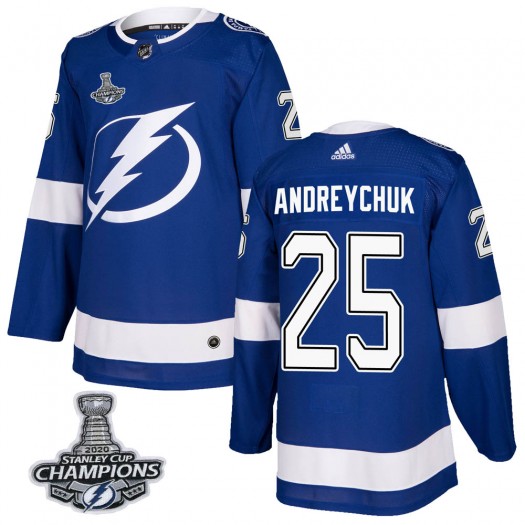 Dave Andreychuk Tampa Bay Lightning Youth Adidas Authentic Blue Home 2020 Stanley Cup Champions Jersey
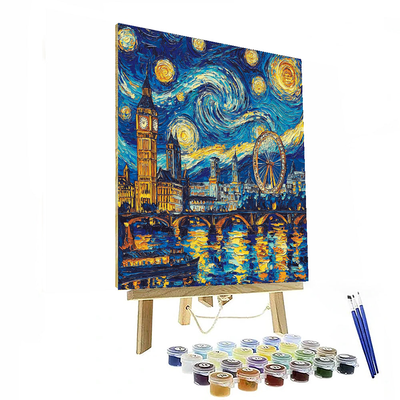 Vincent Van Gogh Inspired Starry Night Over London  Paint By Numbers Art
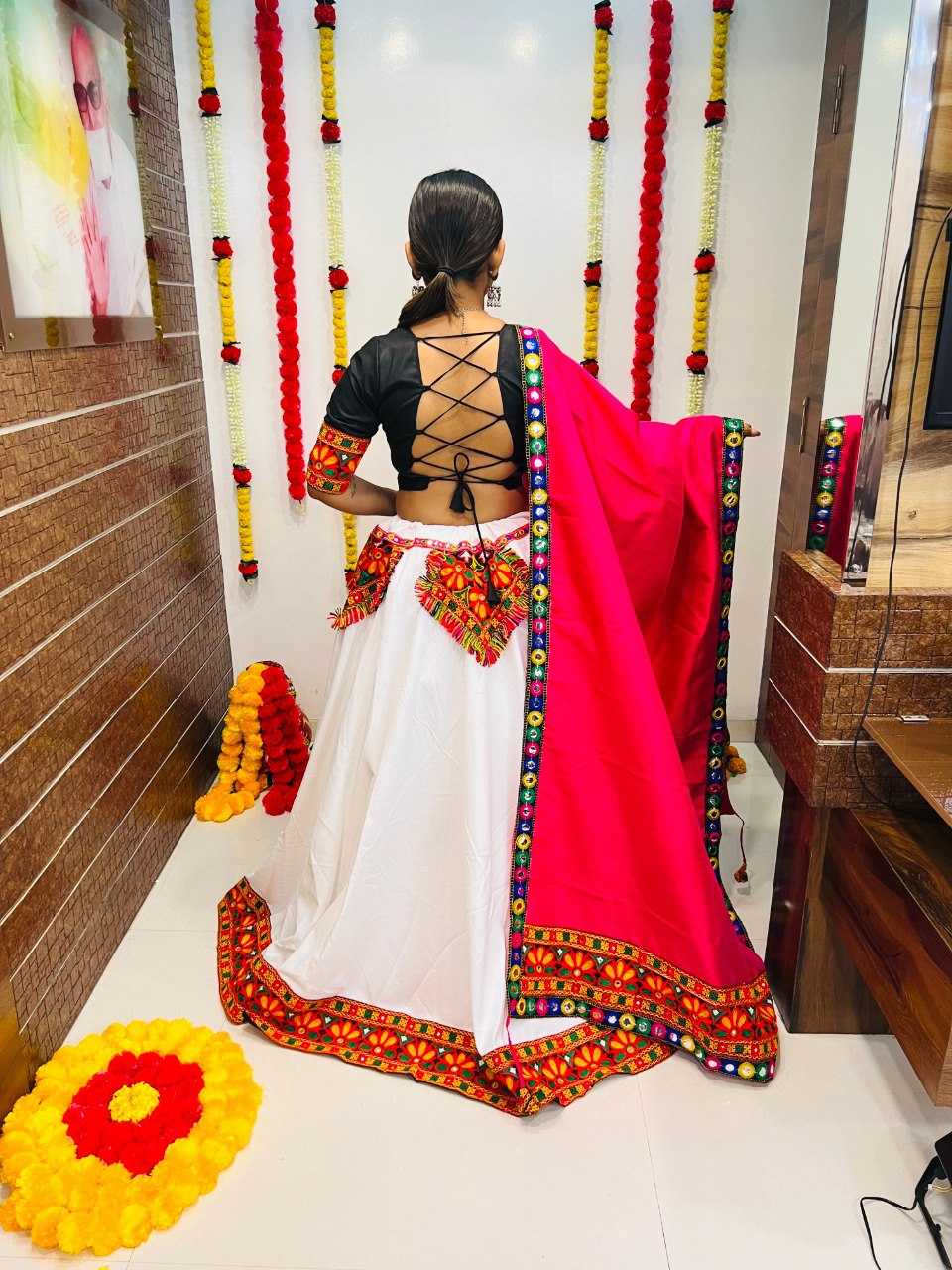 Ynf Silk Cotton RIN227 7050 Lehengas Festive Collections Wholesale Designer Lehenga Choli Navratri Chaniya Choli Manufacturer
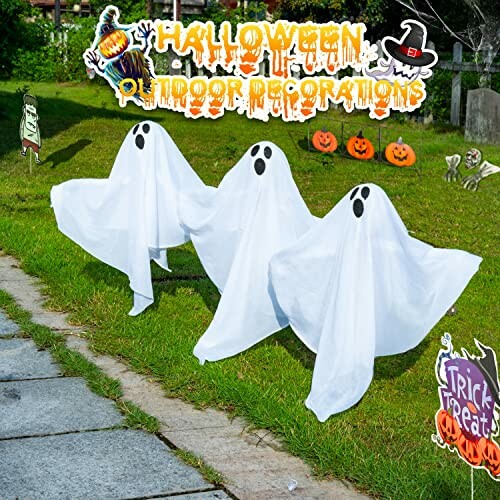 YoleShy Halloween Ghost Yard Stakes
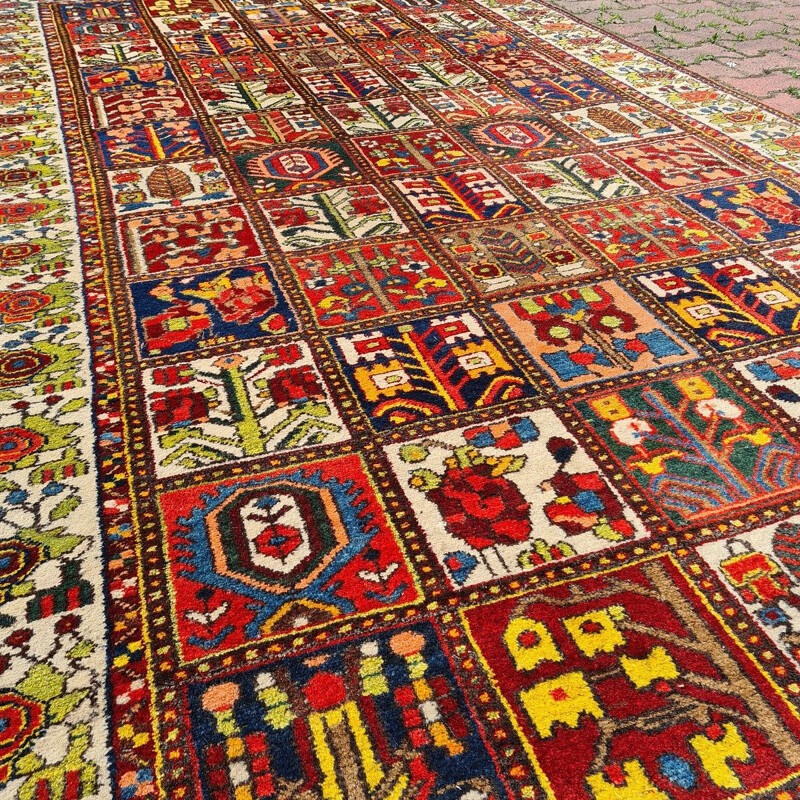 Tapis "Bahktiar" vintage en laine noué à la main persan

====================

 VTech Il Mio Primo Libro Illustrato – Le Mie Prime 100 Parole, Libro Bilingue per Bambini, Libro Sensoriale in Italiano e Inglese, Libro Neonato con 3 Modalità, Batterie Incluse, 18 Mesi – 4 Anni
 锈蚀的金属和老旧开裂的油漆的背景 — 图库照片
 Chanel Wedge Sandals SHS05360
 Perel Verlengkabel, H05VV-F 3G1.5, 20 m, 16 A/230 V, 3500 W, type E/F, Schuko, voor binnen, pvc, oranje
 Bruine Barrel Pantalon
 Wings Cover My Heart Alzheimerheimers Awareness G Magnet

====================

**What to do:**
Only the lines above from the one containing "Dave Andreychuk Tampa" through the one containing "YoleShy Halloween Ghost Yard Stakes" should be returned, verbatim and inclusive, with pictures excluded.

**The completed task:**
 Dave Andreychuk Tampa Bay Lightning Youth Adidas Authentic Blue Home 2020 Stanley Cup Champions Jersey
 Vincent Van Gogh Inspired Starry Night Over London  Paint By Numbers Art
 Ynf Silk Cotton RIN227 7050 Lehengas Festive Collections Wholesale Designer Lehenga Choli Navratri Chaniya Choli Manufacturer
 YoleShy Halloween Ghost Yard Stakes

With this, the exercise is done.